=== Try it ===
In the records below, begin at the line containing "Ilustração de três" and end at the line containing "Poster a conceptual"; quote every line in that span exactly, including both boundary lines, and no others.

(Short text fragments from websites)
+ + + + +
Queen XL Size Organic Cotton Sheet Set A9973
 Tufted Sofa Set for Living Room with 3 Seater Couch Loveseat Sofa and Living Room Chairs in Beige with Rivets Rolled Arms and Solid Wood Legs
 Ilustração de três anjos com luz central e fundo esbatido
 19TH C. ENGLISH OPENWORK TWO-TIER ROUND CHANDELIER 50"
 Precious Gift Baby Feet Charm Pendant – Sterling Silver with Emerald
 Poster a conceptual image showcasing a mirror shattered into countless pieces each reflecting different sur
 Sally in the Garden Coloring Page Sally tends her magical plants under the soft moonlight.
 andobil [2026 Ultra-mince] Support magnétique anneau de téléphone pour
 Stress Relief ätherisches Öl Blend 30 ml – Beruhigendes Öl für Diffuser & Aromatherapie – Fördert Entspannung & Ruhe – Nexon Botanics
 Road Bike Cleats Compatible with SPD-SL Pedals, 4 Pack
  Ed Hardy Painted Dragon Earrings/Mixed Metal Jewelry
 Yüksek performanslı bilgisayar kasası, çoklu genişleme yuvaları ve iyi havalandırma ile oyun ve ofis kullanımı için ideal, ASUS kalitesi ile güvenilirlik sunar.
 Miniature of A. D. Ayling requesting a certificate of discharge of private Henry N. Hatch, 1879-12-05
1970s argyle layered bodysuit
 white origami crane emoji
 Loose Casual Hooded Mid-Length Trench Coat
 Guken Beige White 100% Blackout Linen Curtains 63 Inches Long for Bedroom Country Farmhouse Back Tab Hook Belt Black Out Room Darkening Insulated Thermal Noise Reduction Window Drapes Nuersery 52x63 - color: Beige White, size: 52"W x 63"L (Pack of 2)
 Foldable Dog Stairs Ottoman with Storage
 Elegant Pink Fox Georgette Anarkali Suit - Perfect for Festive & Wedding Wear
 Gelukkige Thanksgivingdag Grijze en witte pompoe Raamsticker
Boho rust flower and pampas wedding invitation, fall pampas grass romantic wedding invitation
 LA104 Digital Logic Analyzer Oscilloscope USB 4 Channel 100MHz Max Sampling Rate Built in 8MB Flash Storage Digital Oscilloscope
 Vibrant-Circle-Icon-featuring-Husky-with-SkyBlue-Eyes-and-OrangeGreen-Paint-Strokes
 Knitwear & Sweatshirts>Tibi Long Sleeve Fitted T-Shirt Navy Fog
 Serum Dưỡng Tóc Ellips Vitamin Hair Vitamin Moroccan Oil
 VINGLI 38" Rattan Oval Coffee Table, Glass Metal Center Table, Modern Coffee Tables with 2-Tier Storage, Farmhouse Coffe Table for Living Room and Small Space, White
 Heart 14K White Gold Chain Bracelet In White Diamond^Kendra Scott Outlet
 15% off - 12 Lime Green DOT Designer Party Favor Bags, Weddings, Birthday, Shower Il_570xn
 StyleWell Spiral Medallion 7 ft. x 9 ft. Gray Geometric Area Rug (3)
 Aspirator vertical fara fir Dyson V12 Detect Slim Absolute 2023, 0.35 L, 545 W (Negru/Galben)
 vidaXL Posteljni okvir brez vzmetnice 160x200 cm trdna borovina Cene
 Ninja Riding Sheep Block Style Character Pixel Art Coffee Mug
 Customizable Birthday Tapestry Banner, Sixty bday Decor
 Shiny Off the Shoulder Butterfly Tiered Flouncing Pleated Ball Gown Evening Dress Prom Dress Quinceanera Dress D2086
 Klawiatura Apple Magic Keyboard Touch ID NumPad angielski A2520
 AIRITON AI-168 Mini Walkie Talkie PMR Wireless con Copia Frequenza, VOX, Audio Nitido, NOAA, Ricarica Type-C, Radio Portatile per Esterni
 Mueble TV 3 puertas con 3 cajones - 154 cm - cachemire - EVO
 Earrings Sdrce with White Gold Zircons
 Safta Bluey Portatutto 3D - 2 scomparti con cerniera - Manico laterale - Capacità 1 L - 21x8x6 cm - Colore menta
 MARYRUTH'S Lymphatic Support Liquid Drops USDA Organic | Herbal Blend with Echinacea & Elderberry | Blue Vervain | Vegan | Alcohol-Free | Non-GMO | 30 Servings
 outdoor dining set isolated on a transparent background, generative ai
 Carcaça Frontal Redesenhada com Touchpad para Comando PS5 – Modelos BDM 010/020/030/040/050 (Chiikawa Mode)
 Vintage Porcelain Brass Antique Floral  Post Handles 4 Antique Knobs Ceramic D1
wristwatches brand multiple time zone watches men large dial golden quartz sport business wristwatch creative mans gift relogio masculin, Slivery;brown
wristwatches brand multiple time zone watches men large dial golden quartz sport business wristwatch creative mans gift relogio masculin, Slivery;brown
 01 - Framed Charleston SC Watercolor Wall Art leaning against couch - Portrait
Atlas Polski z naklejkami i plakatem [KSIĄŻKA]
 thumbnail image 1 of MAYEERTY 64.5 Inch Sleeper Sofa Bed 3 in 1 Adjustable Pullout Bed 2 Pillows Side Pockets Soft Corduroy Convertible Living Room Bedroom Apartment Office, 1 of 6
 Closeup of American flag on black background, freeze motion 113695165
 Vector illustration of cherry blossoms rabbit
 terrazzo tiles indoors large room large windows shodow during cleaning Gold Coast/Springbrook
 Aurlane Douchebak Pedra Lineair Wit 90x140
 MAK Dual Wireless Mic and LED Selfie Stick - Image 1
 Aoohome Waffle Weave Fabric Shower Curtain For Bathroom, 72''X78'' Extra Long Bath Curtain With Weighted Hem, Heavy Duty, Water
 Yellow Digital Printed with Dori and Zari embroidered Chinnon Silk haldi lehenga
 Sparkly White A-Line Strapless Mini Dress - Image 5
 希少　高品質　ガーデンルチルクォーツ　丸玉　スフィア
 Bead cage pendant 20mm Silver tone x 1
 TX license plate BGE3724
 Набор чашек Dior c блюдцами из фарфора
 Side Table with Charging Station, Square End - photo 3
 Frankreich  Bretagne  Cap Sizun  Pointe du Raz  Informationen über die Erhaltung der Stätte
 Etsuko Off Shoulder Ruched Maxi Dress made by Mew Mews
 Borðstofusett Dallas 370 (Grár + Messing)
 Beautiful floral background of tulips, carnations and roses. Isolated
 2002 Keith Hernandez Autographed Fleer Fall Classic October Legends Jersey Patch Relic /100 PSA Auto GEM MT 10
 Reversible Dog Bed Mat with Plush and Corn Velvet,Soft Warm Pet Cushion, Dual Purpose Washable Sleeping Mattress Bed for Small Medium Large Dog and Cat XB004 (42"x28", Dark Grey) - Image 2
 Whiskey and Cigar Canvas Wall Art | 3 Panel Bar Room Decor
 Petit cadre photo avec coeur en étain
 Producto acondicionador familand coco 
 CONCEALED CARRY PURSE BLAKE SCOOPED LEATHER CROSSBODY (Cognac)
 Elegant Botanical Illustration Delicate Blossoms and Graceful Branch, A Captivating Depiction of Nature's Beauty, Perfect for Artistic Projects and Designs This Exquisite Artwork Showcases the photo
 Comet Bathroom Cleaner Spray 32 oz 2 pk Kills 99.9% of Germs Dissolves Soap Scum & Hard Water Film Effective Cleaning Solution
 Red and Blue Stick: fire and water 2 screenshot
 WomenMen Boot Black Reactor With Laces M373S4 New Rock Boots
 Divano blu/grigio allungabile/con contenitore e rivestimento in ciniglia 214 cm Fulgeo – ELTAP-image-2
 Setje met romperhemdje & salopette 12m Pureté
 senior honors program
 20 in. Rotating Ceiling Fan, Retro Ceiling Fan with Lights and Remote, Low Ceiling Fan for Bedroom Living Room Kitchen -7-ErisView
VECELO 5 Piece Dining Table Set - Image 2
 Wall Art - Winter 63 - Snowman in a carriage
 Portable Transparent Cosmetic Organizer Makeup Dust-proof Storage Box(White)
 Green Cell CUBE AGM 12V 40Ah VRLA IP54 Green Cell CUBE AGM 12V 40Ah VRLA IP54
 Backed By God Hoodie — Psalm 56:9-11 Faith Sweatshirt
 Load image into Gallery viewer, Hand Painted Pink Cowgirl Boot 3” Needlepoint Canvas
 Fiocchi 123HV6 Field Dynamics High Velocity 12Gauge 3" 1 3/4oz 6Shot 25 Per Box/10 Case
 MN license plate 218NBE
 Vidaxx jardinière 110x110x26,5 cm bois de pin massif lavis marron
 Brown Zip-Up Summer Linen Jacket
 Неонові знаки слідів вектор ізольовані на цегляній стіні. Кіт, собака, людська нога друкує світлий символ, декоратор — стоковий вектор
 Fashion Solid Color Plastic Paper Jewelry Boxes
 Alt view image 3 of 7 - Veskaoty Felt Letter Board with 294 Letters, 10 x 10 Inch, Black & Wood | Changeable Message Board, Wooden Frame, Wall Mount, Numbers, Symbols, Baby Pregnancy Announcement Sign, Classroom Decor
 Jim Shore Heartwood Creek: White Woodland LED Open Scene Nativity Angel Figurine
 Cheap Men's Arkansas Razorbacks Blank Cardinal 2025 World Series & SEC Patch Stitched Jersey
+ + + + +
=== Written solution ===
 Ilustração de três anjos com luz central e fundo esbatido
 19TH C. ENGLISH OPENWORK TWO-TIER ROUND CHANDELIER 50"
 Precious Gift Baby Feet Charm Pendant – Sterling Silver with Emerald
 Poster a conceptual image showcasing a mirror shattered into countless pieces each reflecting different sur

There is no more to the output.